A Cazzago Brabbia e Lozza le liste leghiste hanno perso

Il popolo di Lozza nel giro di poche ore perde il 20% dei consensi e Amerigo Giorgetti a Cazzago Brabbia non conserva nemmeno tutti i voti leghisti.
Due "sbavature" al massiccio successo del Carroccio in provincia. Dati che passerebbero in secondo piano se non fosse che Lozza è il comune del ministro degli interni che ha fatto campagna elettorale per strappare alla storica lista civica "Uniti per Lozza" il governo del paese.
La Lega era uscita trionfante dalle urne per le europee. Con un rotondo 38,1% che si sarebbe sommato al 27,7% del Pdl metteva il candidato sindaco Giancarlo Ghiraldi al sicuro da ogni sorpresa. E invece la signora Adriana Fervida Fabian ha sovvertito ogni pronostico vincendo in modo secco con 423 voti contro 368.
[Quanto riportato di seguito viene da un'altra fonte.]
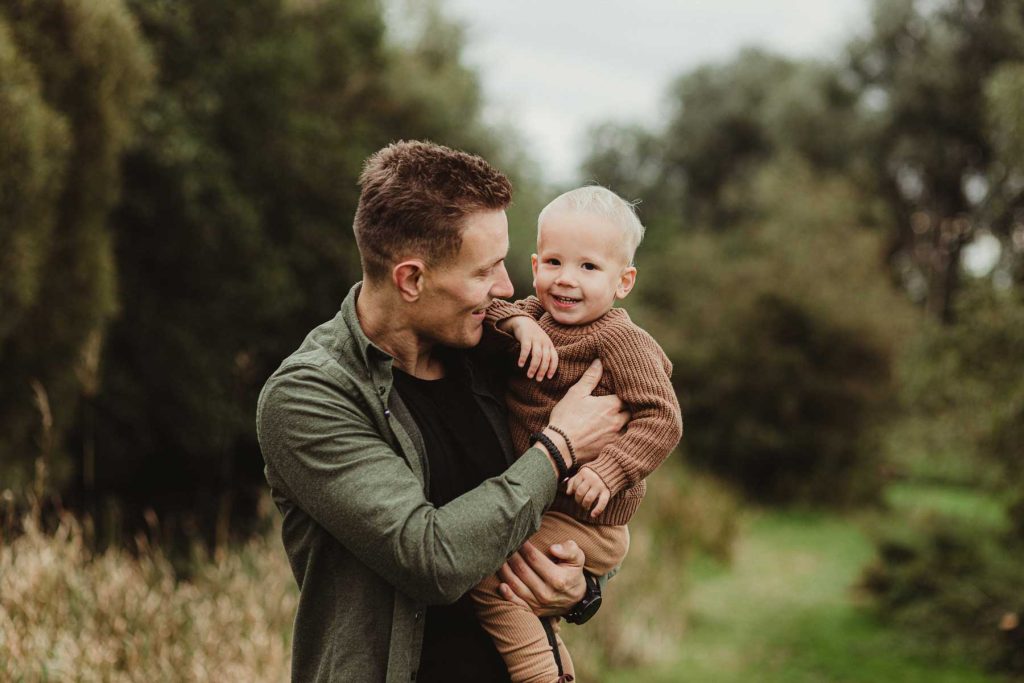 Familie billeder er en fantastisk gaveidé til både jul og fødselsdage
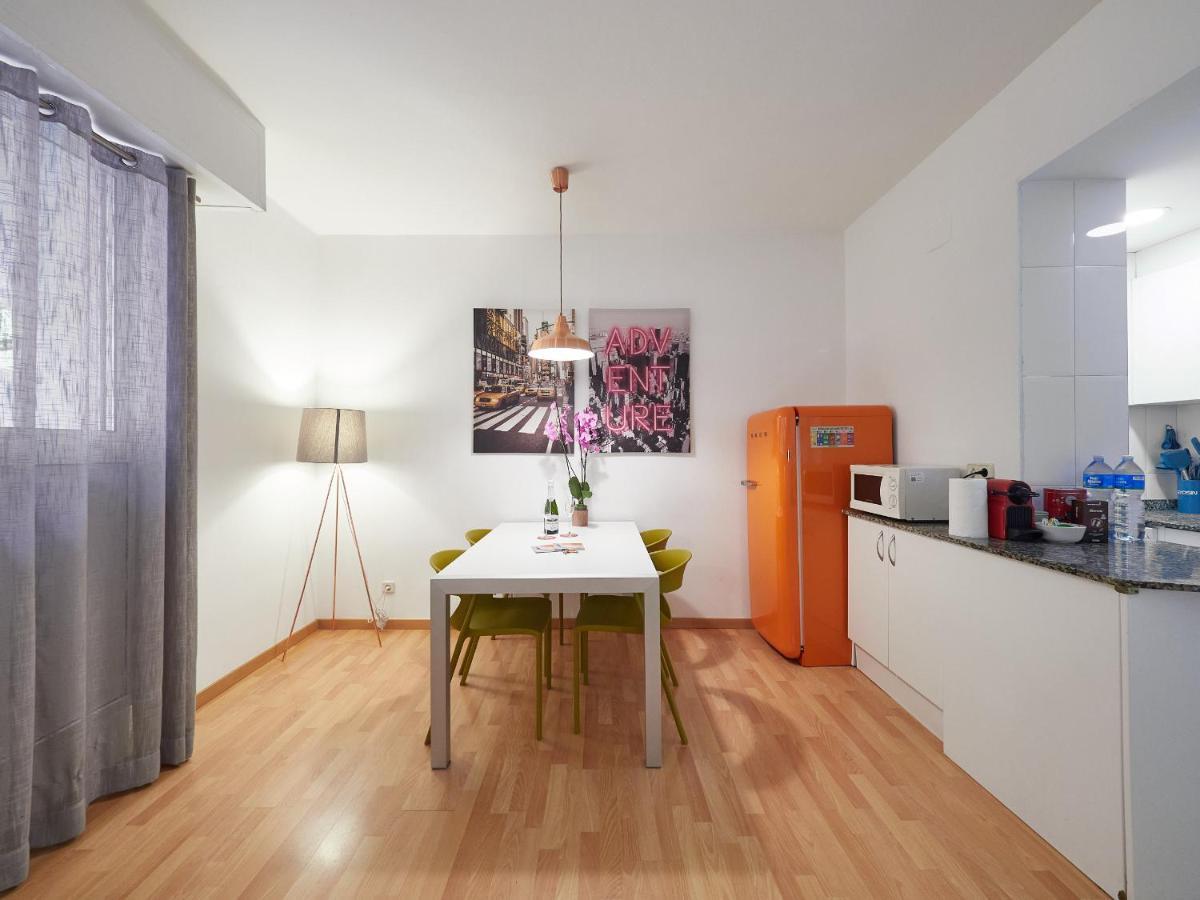 Sant Pau Barcelona Suites Экстерьер фото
A Cazzago Brabbia Amerigo Giorgetti, che aveva in lista anche il fratello del segretario nazionale del Carroccio, non ha tenuto nemmeno tutti i voti delle europee dove la Lega aveva preso 214 voti contro i 208 delle comunali. Si riconferma Massimo Nicora con 298 voti. Il sindaco uscente cinque anni fa si presentava con una lista civica emanazione comunque del Carroccio. Questa volta la scelta di una corsa autonoma premiata dai cazzaghesi.